Acte III. L’enfer, c’est les autres
Dimanche 14 juillet, négociations nocturnes. Cette fois-ci, elles se tiennent en visioconférence. Quand son écran s’allume, Olivier Faure n’aperçoit pas tout de suite le nouveau venu, dans la petite fenêtre, installé à côté de Manuel Bompard. Jean-Luc Mélenchon, visage fermé, bras croisés. On avait entraperçu le leader insoumis deux jours avant, le vendredi, lors d’une autre réunion à distance, par écrans interposés. Il ne dira pas un mot, tout au plus quelques mimiques, tantôt amusées, tantôt agacées. Il s’agit désormais de trouver un nom, qui ne soit pas un cacique d’un des quatre partis, quelqu’un venu de la société civile de gauche.

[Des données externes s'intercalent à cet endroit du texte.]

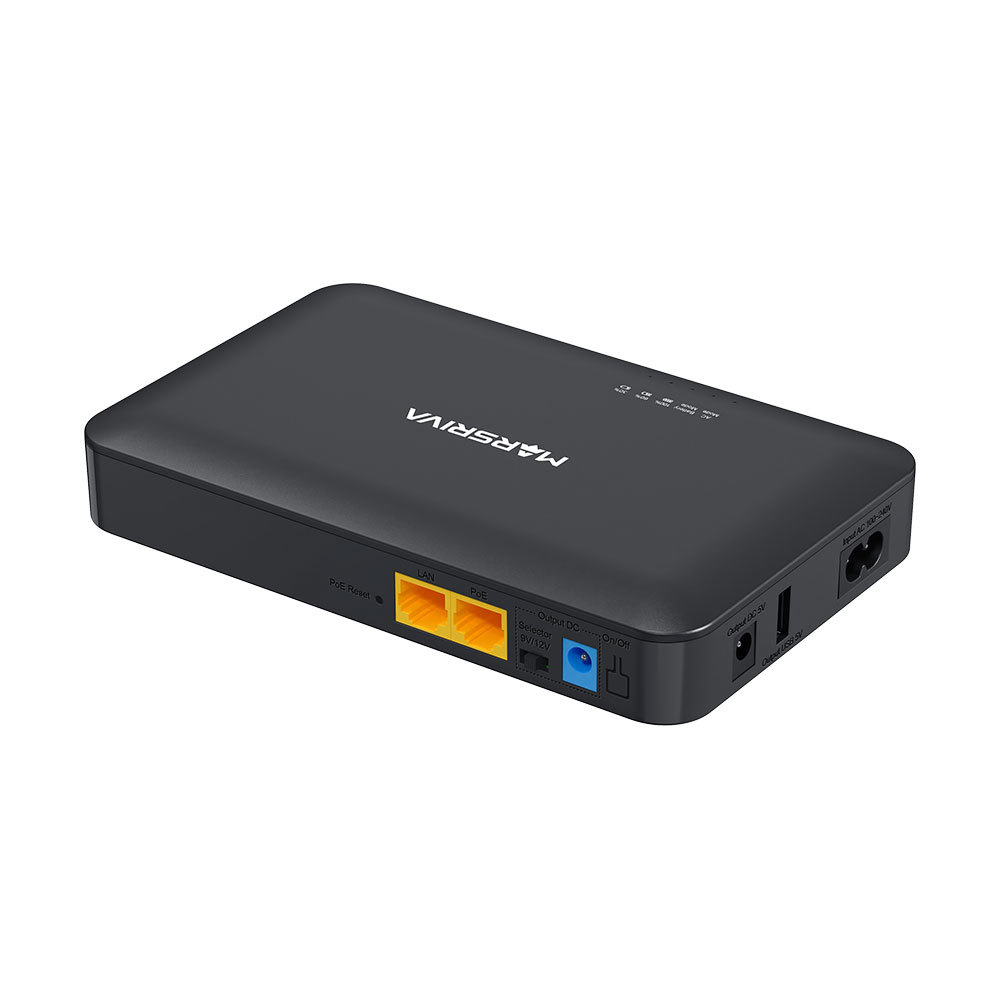 MINI UPS MARSRIVA KP2 EC 8000MAH 18W POE 4P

Olivier Faure propose celui de Najat Vallaud-Belkacem, sans avoir prévenu celle-ci, que Manuel Bompard balaie d’un revers de main. Il y avait bien Claire Hédon, la défenseur des droits, mais celle-ci a fait comprendre qu’elle n’était pas intéressée et reste “trop attachée” à l’indépendance de son institution. Marine Tondelier en profite pour proposer Cécile Duflot, son ancienne mentor, mais les socialistes et les insoumis l’éconduisent.
Un autre nom fuse dans une conversation : Laurence Tubiana. Johanna Rolland l’appelle l’après-midi. Les deux femmes ne se connaissent guère, et s’étaient juste croisées lors du Conseil national de la refondation, cet objet politique non identifié voulu par Emmanuel Macron au lendemain de la dernière présidentielle. Elles bavardent de l’importance d’une candidature venue de la société civile, considèrent l’une et l’autre que le bilan du chef de l’Etat en matière climatique est sa plus grande lacune. La socialiste perçoit rapidement un intérêt chez son interlocutrice. Qu’en diront les autres ?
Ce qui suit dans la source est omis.